514-labs · LucioFranco · Nov 12, 2025 · Nov 12, 2025
diff --git a/Cargo.lock b/Cargo.lock
diff --git a/PROPTEST_FINDINGS.md b/PROPTEST_FINDINGS.md
@@ -0,0 +1,228 @@
+# Proptest Findings
+
+This document tracks all issues discovered through property-based testing with proptest. Each finding will eventually be converted into a Linear ticket for tracking and resolution.
+
+## Purpose
+
+This file tracks bugs discovered by proptest to enable organizing fixes into separate jj changes:
+- **Change 1**: Test infrastructure (proptest setup, generators, property tests)
+- **Change 2+**: Individual bug fixes (one change per bug)
+
+Each bug has a corresponding `#[ignore]` test case in the code that will be enabled when the bug is fixed.
+
+## Table of Contents
+- [ClickHouse Type Parser](#clickhouse-type-parser)
+- [SQL Parser](#sql-parser)
+- [String Parsers](#string-parsers)
+- [Summary Statistics](#summary-statistics)
+
+---
+
+## ClickHouse Type Parser
+
+Issues found in `apps/framework-cli/src/infrastructure/olap/clickhouse/type_parser.rs`
+
+### Status Legend
+- 🔴 **Critical**: Causes crashes, data corruption, or security issues
+- 🟡 **High**: Incorrect parsing/serialization, affects functionality
+- 🟢 **Medium**: Edge cases, minor inconsistencies
+- ⚪ **Low**: Documentation, optimization opportunities
+
+### Issue #1: JSON Type with Empty Parameters Fails Roundtrip ✅ FIXED
+
+**Severity**: 🟡 High
+**Parser**: ClickHouse Type Parser
+**Date Found**: 2025-11-12
+**Date Fixed**: 2025-11-12
+**Status**: ✅ **RESOLVED**
+
+**Failing Input** (minimized by proptest):
+```rust
+ClickHouseTypeNode::JSON(Some([]))
+```
+
+**Original Problem**:
+- Serialization: `JSON(Some([]))` → `"JSON"`
+- Parsing: `"JSON"` → `JSON(None)`
+- Result: `JSON(Some([])) != JSON(None)` ✗ (roundtrip failed)
+
+**Fix Applied**:
+Implemented **Option C**: Custom `PartialEq` implementation that treats `JSON(Some([]))` and `JSON(None)` as semantically equivalent.
+
+**Implementation** (type_parser.rs:342-382):
+```rust
+impl PartialEq for ClickHouseTypeNode {
+    fn eq(&self, other: &Self) -> bool {
+        match (self, other) {
+            // Normalize JSON(Some([])) to JSON(None) for comparison
+            (Self::JSON(Some(params1)), Self::JSON(Some(params2))) if params1.is_empty() && params2.is_empty() => true,
+            (Self::JSON(Some(params)), Self::JSON(None)) | (Self::JSON(None), Self::JSON(Some(params))) if params.is_empty() => true,
+            // ... rest of equality checks
+        }
+    }
+}
+```
+
+**Verification**:
+- ✅ `test_regression_json_empty_params_roundtrip()` passes
+- ✅ `test_roundtrip_property()` passes with 1000 test cases
+- ✅ All other type parser tests pass
+
+**Linear Ticket**: [To be created]
+
+---
+
+## SQL Parser
+
+Issues found in `apps/framework-cli/src/infrastructure/olap/clickhouse/sql_parser.rs`
+
+---
+
+**✅ All tests passed!
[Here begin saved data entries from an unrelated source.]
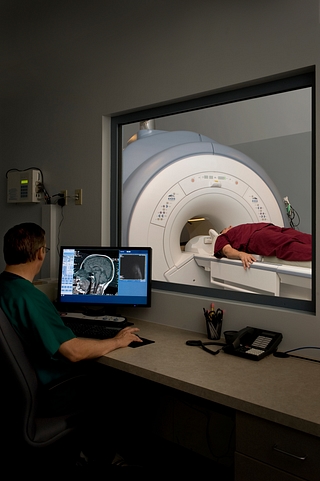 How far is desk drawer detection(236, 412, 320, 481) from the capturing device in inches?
41.1

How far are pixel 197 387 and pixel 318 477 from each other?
15.6 inches

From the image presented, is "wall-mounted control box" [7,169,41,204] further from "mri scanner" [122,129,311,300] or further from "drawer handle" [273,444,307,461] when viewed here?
"drawer handle" [273,444,307,461]

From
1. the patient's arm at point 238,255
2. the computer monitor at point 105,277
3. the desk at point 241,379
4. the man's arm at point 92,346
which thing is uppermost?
the patient's arm at point 238,255

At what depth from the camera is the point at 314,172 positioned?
5.21 feet

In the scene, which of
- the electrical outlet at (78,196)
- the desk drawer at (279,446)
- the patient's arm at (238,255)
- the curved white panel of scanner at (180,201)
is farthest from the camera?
the electrical outlet at (78,196)

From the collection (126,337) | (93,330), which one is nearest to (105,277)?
(93,330)

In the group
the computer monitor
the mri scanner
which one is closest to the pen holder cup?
the mri scanner

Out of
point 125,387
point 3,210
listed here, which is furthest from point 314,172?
point 3,210

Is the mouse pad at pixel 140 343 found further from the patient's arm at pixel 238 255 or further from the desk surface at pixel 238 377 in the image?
the patient's arm at pixel 238 255

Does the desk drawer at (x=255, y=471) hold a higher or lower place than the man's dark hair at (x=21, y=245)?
lower

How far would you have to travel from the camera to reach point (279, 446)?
1.10 metres

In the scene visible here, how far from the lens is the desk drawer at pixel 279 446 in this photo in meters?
1.04

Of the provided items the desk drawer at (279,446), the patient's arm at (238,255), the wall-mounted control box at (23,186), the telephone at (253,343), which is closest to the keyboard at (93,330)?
the telephone at (253,343)

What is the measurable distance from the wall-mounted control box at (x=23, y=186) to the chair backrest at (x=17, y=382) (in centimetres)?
152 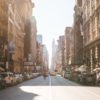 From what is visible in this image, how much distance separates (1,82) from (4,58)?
42018mm

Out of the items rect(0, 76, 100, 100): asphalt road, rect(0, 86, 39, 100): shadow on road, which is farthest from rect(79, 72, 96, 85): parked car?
rect(0, 86, 39, 100): shadow on road

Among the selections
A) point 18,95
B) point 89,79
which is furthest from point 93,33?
point 18,95

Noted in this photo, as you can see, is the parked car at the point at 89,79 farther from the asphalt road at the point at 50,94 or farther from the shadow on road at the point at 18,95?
the shadow on road at the point at 18,95

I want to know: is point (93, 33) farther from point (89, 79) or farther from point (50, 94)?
point (50, 94)

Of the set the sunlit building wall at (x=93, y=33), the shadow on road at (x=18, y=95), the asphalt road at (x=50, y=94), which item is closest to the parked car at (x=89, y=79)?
the asphalt road at (x=50, y=94)

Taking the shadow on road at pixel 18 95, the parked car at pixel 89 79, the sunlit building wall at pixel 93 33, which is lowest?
the shadow on road at pixel 18 95

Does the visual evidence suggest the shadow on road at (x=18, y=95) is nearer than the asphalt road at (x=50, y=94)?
Yes

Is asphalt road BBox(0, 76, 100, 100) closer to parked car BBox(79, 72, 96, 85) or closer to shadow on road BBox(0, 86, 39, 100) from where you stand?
shadow on road BBox(0, 86, 39, 100)

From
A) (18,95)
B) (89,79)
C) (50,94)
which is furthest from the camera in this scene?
(89,79)

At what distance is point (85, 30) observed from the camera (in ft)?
353

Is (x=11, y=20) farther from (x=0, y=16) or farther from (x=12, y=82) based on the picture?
(x=12, y=82)

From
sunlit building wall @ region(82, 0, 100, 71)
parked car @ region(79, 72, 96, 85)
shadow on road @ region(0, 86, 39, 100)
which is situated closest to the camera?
shadow on road @ region(0, 86, 39, 100)

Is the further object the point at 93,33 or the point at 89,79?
the point at 93,33

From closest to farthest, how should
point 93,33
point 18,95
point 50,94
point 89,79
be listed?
point 18,95, point 50,94, point 89,79, point 93,33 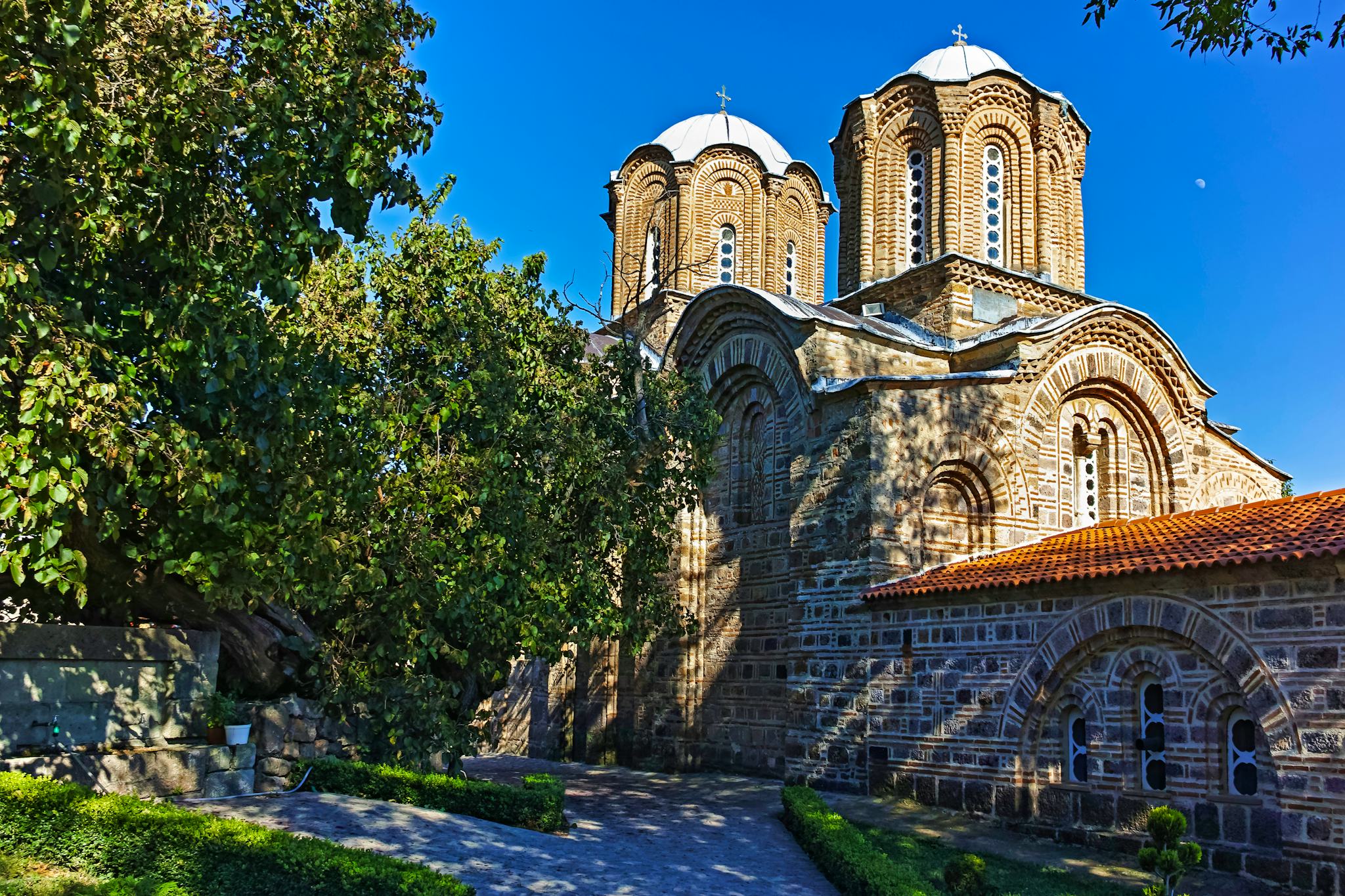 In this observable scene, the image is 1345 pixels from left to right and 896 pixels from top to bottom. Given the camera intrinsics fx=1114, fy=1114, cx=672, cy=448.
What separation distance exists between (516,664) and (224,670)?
947 centimetres

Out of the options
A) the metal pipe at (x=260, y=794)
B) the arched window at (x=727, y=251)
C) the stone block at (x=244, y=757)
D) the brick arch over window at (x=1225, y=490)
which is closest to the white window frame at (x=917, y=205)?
the arched window at (x=727, y=251)

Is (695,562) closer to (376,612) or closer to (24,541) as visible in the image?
(376,612)

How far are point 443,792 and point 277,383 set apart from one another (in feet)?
13.4

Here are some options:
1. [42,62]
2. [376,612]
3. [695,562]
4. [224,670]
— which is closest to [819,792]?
[695,562]

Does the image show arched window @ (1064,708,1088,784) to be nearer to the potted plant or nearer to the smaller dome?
the potted plant

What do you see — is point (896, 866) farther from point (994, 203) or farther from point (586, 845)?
point (994, 203)

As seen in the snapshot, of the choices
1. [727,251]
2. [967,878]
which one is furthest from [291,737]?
[727,251]

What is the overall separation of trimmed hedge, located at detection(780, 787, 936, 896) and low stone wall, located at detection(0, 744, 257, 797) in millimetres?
4337

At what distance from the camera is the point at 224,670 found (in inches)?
366

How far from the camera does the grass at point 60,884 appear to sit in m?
5.30

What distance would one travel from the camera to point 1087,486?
13.9m

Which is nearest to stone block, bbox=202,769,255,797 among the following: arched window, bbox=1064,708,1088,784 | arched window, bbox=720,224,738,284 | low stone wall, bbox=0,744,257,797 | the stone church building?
low stone wall, bbox=0,744,257,797

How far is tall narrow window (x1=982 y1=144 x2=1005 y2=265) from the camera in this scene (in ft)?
51.2

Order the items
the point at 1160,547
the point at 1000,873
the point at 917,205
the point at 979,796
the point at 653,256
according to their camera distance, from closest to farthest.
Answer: the point at 1000,873 < the point at 1160,547 < the point at 979,796 < the point at 917,205 < the point at 653,256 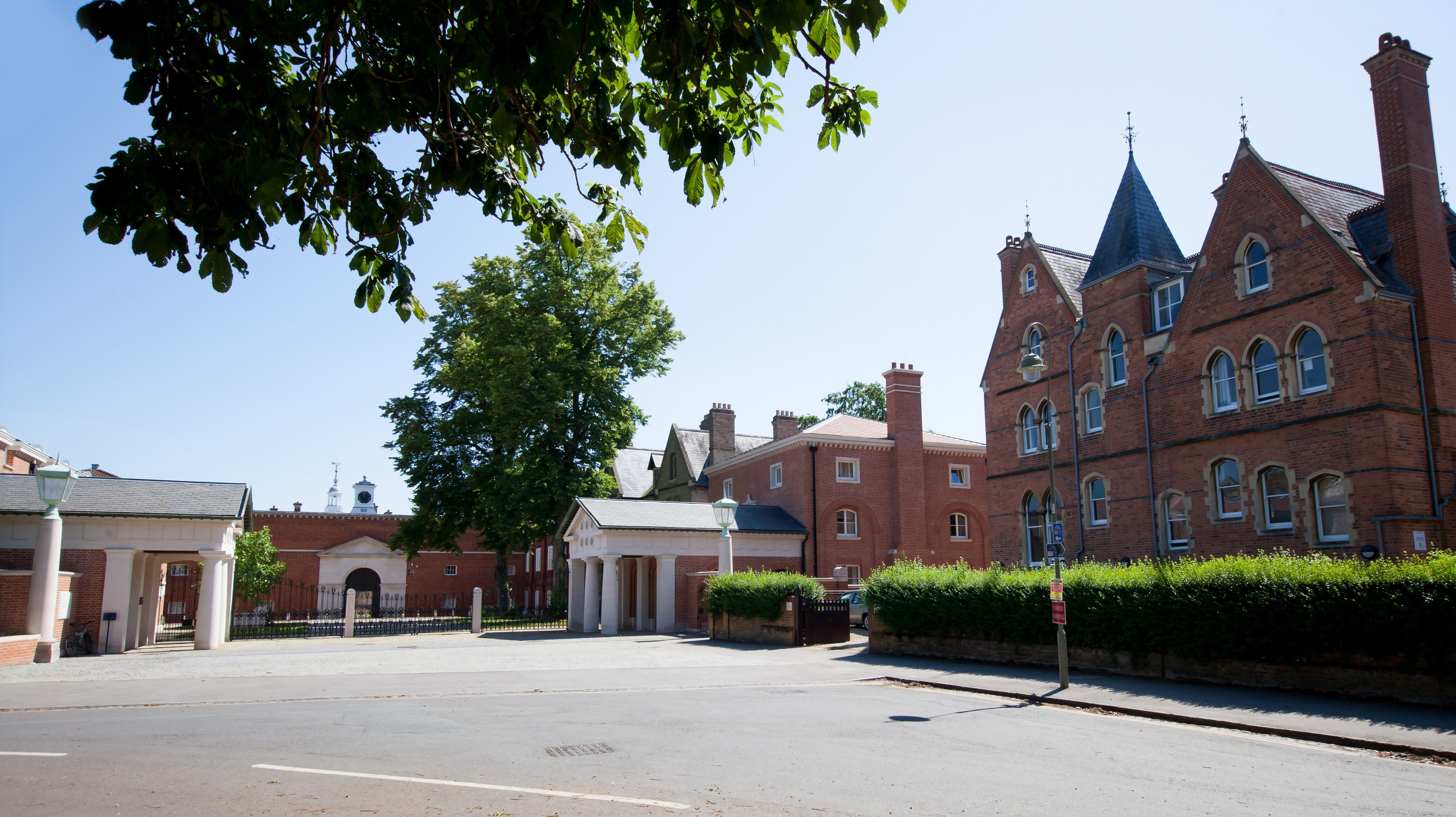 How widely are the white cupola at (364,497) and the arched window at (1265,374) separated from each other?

No issues found.**
+
+The SQL parser's manual extraction functions (`extract_engine_from_create_table`, `extract_table_settings_from_create_table`, `extract_sample_by_from_create_table`, `extract_indexes_from_create_table`) handle edge cases correctly:
+- No panics on arbitrary strings
+- Correct nested parentheses handling
+- Proper string escape handling
+- Keyword termination works as expected
+
+---
+
+## String Parsers
+
+Issues found in:
+- `apps/framework-cli/src/framework/versions.rs`
+- `apps/framework-cli/src/framework/scripts/utils.rs`
+- Other string parsing functions
+
+### Issue #2: parse_timeout_to_seconds Panics on Multi-byte UTF-8 Characters ✅ FIXED
+
+**Severity**: 🔴 Critical
+**Parser**: `parse_timeout_to_seconds` in `apps/framework-cli/src/framework/scripts/utils.rs`
+**Date Found**: 2025-11-12
+**Date Fixed**: 2025-11-12
+**Status**: ✅ **RESOLVED**
+
+**Failing Input** (minimized by proptest):
+```rust
+parse_timeout_to_seconds("®")  // Previously panicked!
+```
+
+**Original Problem**:
+- Function used byte-level `.split_at(timeout.len() - 1)`
+- For multi-byte UTF-8 like "®" (2 bytes), this tried to split in the middle of the character
+- Result: **Panic** with "byte index 1 is not a char boundary"
+
+**Fix Applied**:
+Implemented **character-aware string slicing** using `.chars().last()` and `.len_utf8()`.
+
+**Implementation** (utils.rs:60-67):
+```rust
+// Use character-aware slicing to handle multi-byte UTF-8 characters correctly
+let unit_char = timeout
+    .chars()
+    .last()
+    .ok_or_else(|| TemporalExecutionError::TimeoutError("Timeout string is empty".to_string()))?;
+
+// Get the byte index where the last character starts
+let value_str = &timeout[..timeout.len() - unit_char.len_utf8()];
+```
+
+**Why This Works**:
+- `.chars().last()` correctly extracts the last Unicode character
+- `.len_utf8()` returns the correct byte length of that character (1-4 bytes)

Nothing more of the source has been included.